Héctor sale corriendo del salón y huye velozmente en su bicicleta. Atrás queda la maestra, llamándolo a gritos.
***
El agua corre plácida, sin prisa, en el río. La espuma dibuja arabescos en sus remolinos. Las libélulas bailan sobre los herbazales. Un pájaro pechiamarillo brinca entre las ramas de un harino. Y tumbado a los pies del árbol, Héctor admira el jugueteo del pajarillo. Siente una rama que se quiebra, y mira atrás: Verónica. Ella lo saluda y se tumba junto a él.
—¿Todavía tienes al sapo?
Héctor se lo muestra, cautivo entre sus manos débiles.
—La maestra te anda buscando. Te puso Fuga, y dice que va a llamar a tu mamá.
El niño se encoge de hombros, y replica:
—No me importa. —Y riendo, agrega—: Mañana ya ni se acuerda.
—¿Te vas a quedar con el sapo?
—No. Esta es su casa. Ya voy a soltarlo en el río... donde lo cogí. Ven conmigo.
Caminan hacia el río.
—Mataron todos los otros sapos —relata la niña, con gesto de desagrado—. Fueron como veinte. ¡Puaj! Vieras qué asco...
Héctor baja la cabeza y guarda silencio unos minutos.

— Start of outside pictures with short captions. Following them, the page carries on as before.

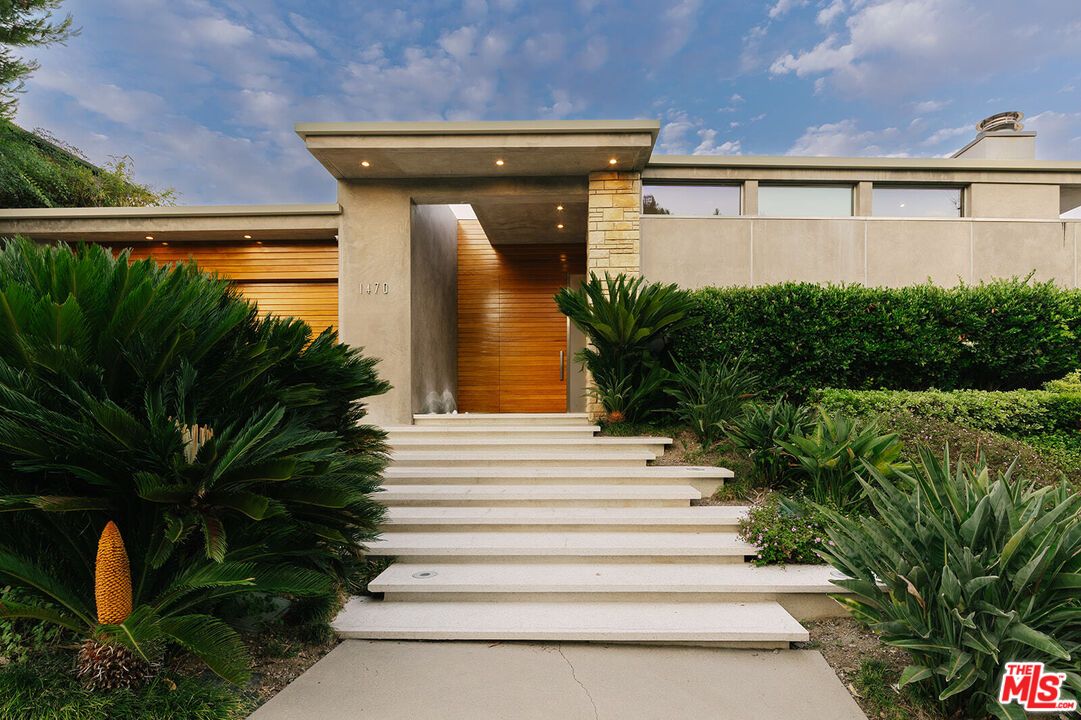 Exterior, Facade, Modern
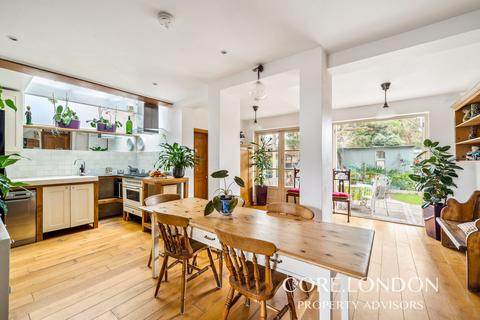 undefined, Creswick Road, Acton, W3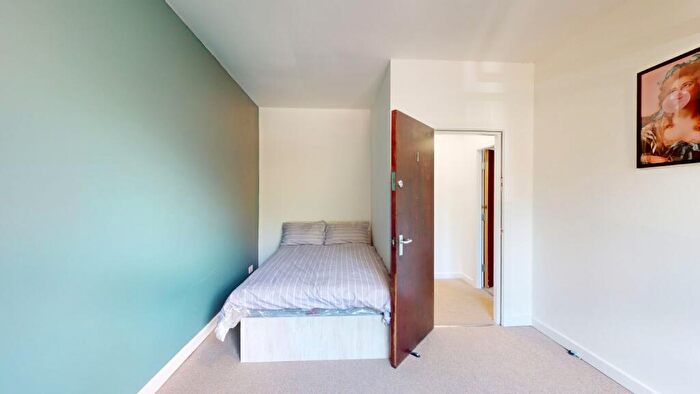 3 Bedroom Property To Rent In Flat C, , Moorland Avenue, LS6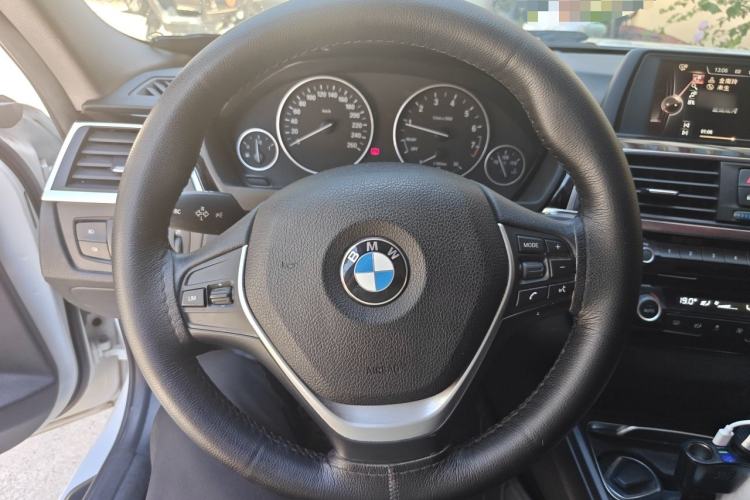 Used BMW 3 Series 2017 320Li Fashion Model Steering Wheel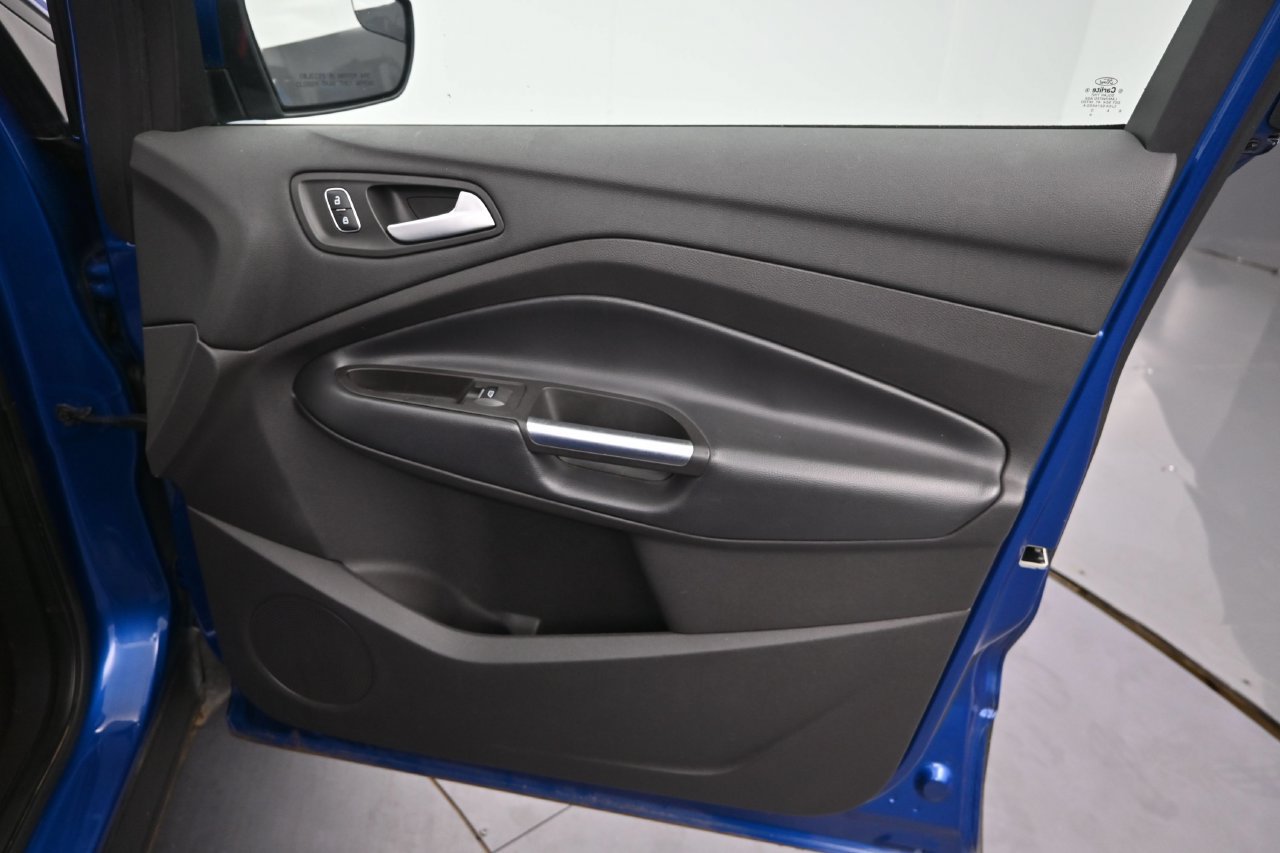 Certified 2019 Ford Escape SE AWD/4WD image 17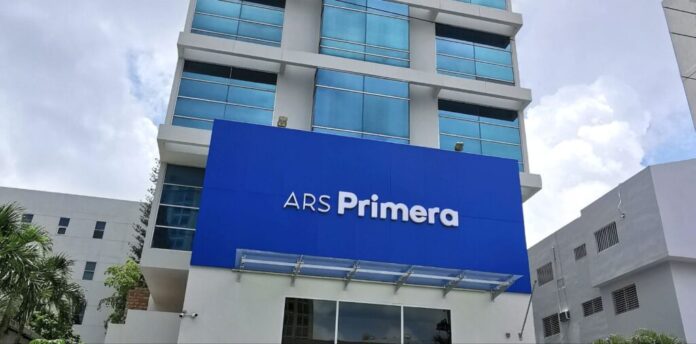 Periodista denuncia falta de respuesta de ARS Primera ante emergencia de un familiar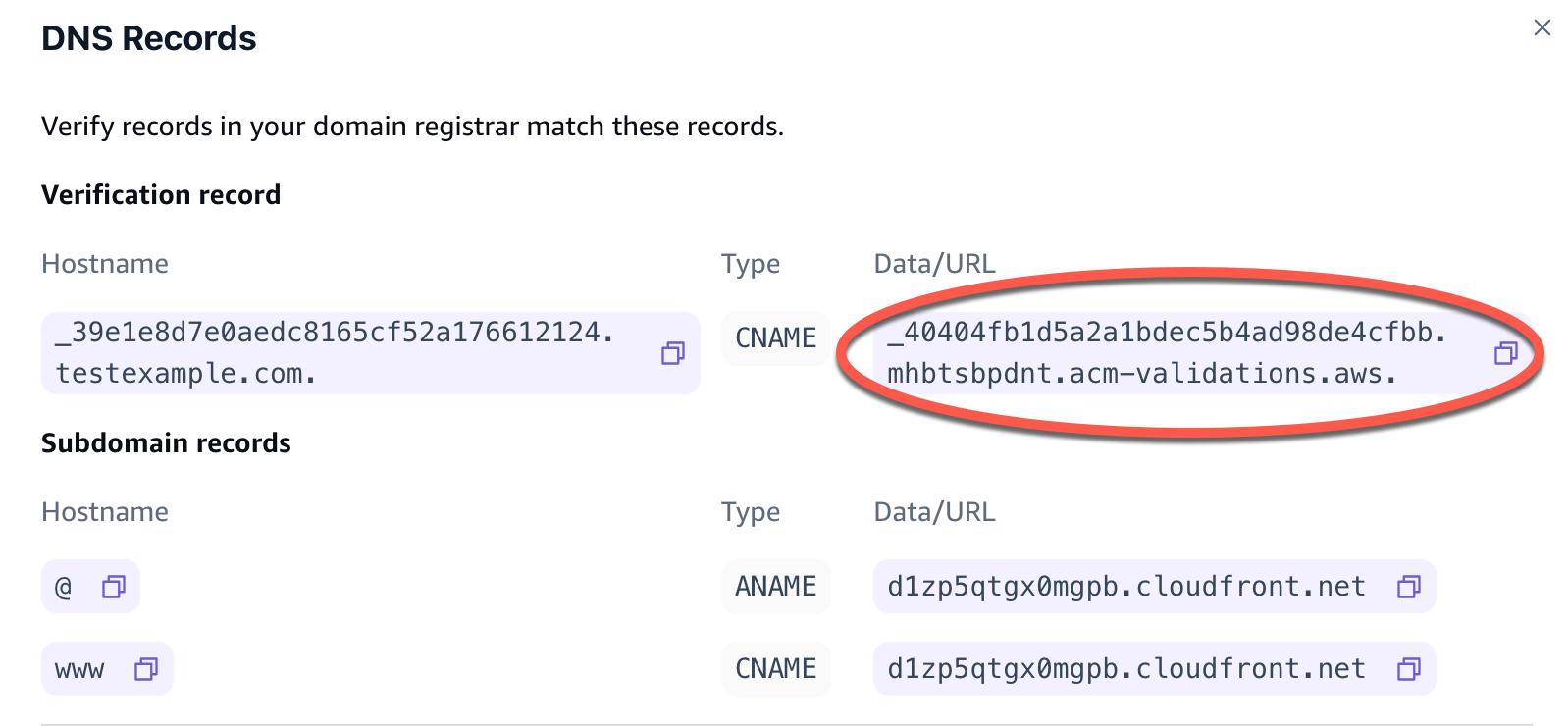 Los registros de DNS de la consola de Amplify, incluido el registro de verificación de ACM.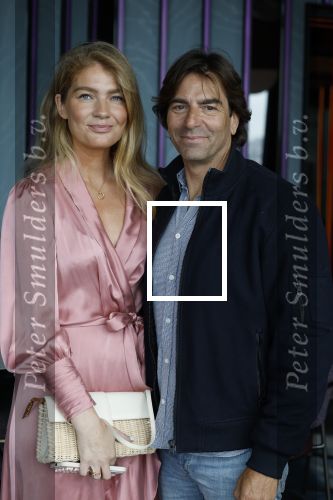 Amsterdam 4 juli 2023
Presentatie Kek Mama cover met Kim Feenstra en Maria Tailort in het Double Tree hotel.
Iris zeilstra kwam met haar man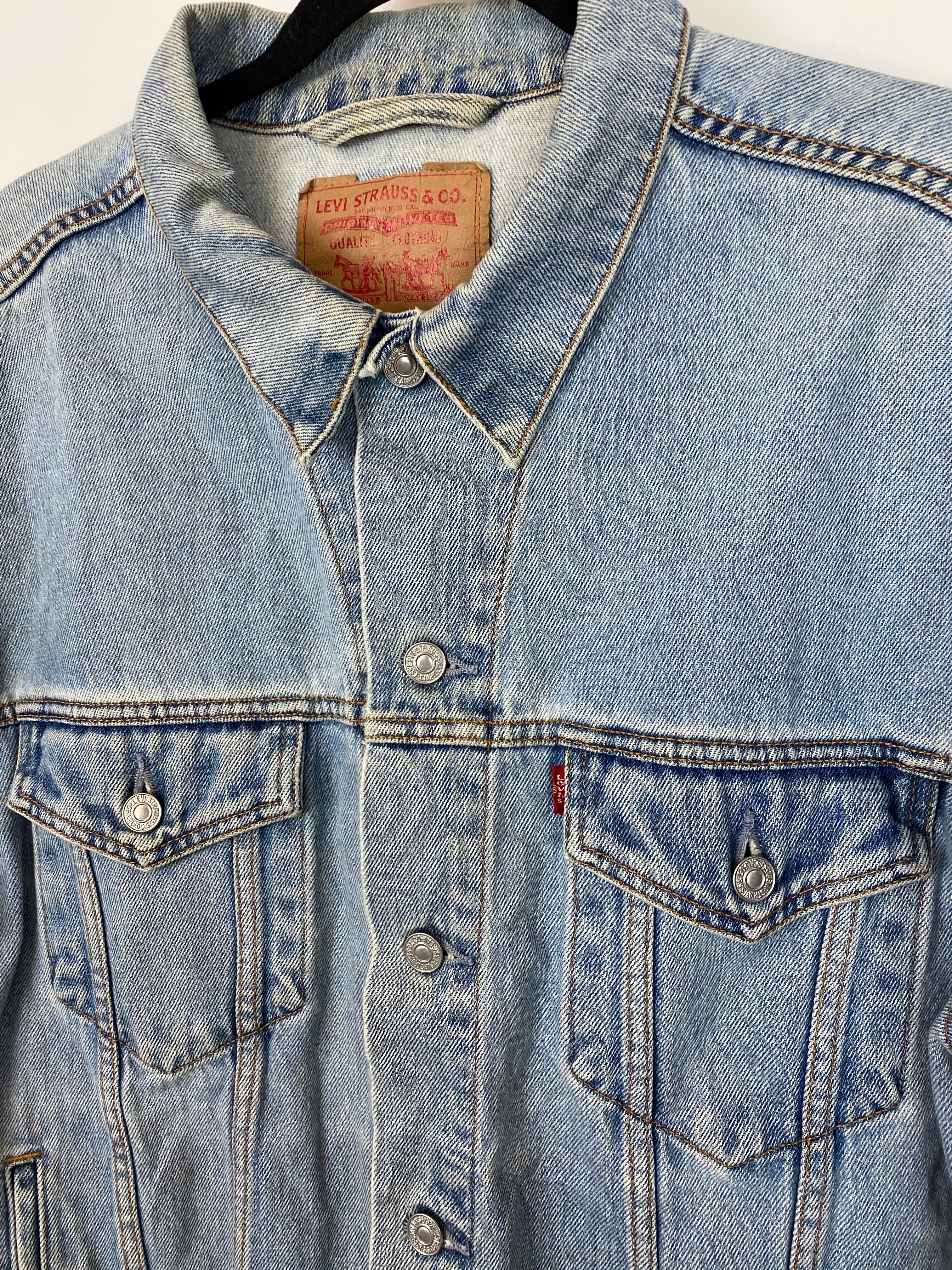 Levi’s denim jacket - L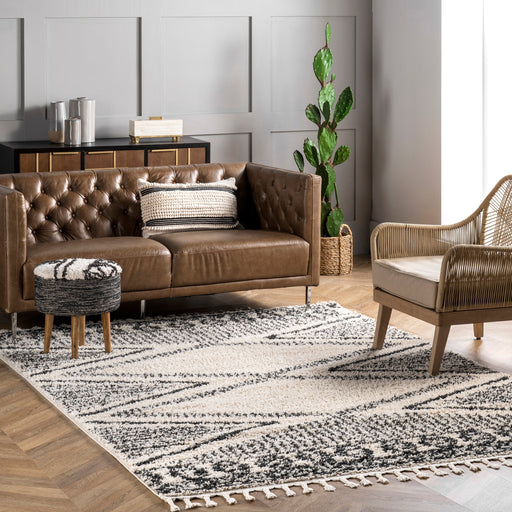 Off White Diamond Pattern Tassel Area Rug 160x230 cm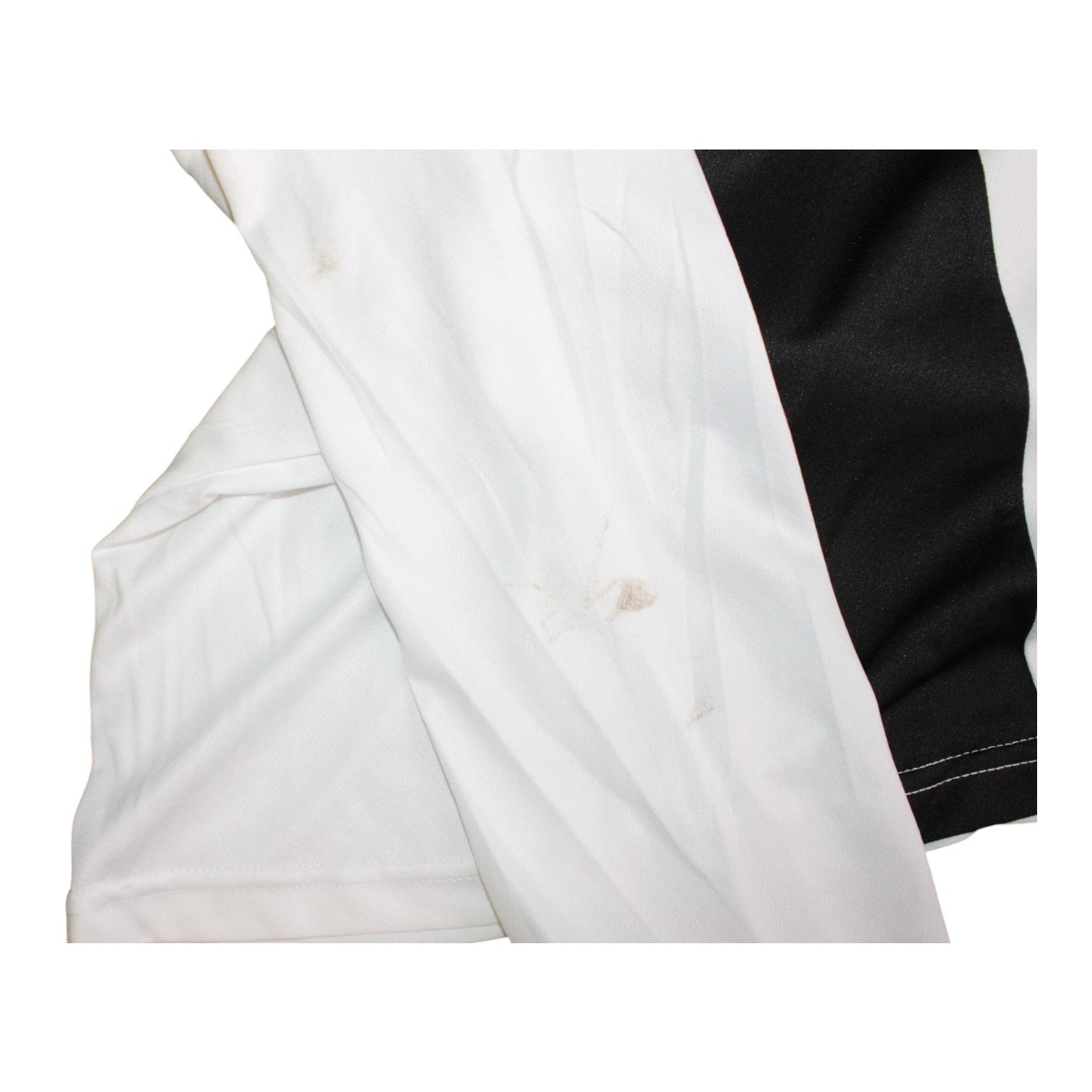 Dettaglio laterale maglia Parma FC Player Issued 2013-14 – segni naturali del tempo sul tessuto bianco – condizioni Good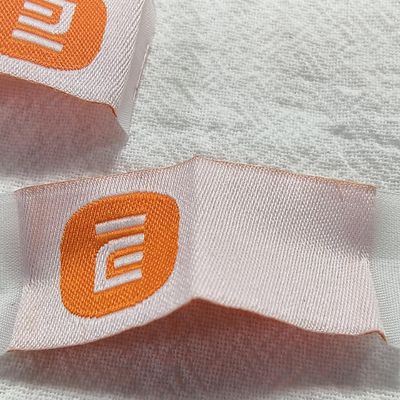 Etiquetas tecidas personalizadas de alta densidade para roupas, dobradas em capa de livro, para bolsas e roupas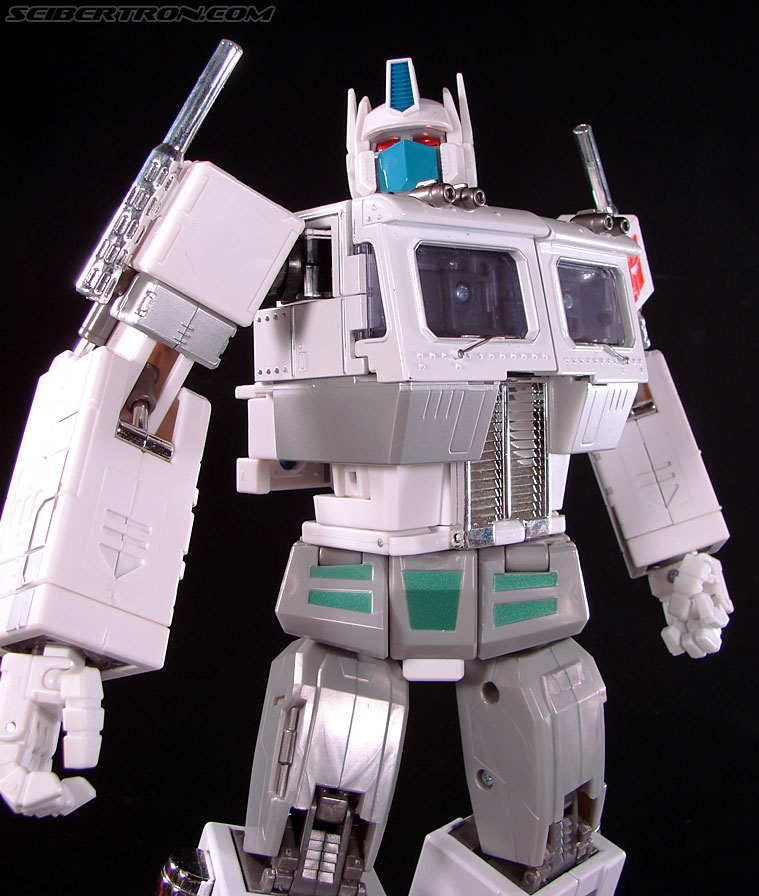 Transformers Masterpiece Ultra Magnus (MP-02) (Image #152 of 216)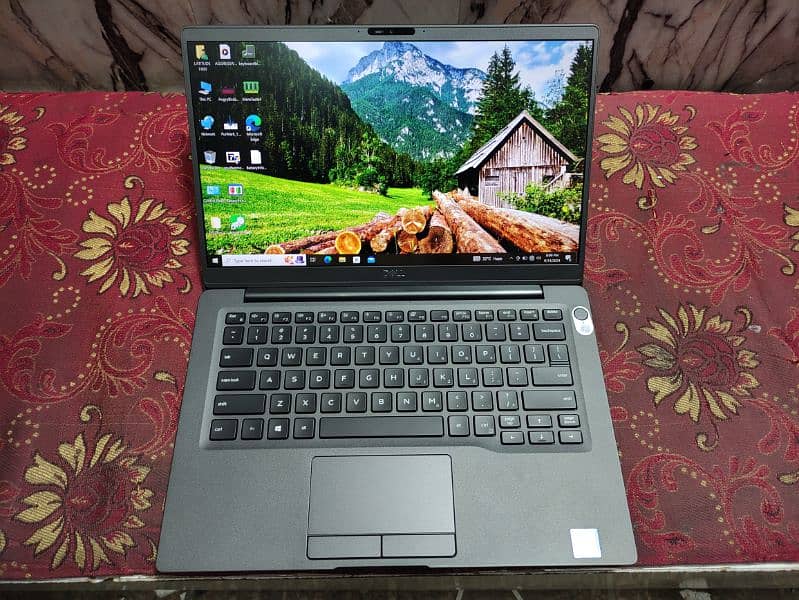 Dell Latitude E7400 (Bazelless) sleek & fancy (A plus condition) 2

La niña pone su índice en la barbilla caída, le hace alzar la vista, y le da un beso. Luego ambos estallan en carcajadas. El niño alza al sapo, y le mueve la patita para que se despida de la niña. La niña se despide moviendo su mano. El sapo, al primer contacto con el agua, comienza a batir sus patas desesperadamente, y se aleja nadando veloz. Los dos niños lo contemplan largo rato, hasta que lo pierden de vista en el fondo confuso del remanso. Siguen mirando, en silencio, la nada verde por donde había desaparecido.
—¿Quieres que te enseñe la Vida, Verónica? —preguntó Héctor.
—¡Claro! ¿Puedes? —agregó ella, con su voz dulce.
Él asintió con la cabeza. La tomó de la mano y caminó junto a ella hacia unas florecillas cercanas, en donde algunas mariposas amarillas revoloteaban ansiosas. Ansiosas como el corazón de Héctor, quien llevaba la Vida atorada en la garganta.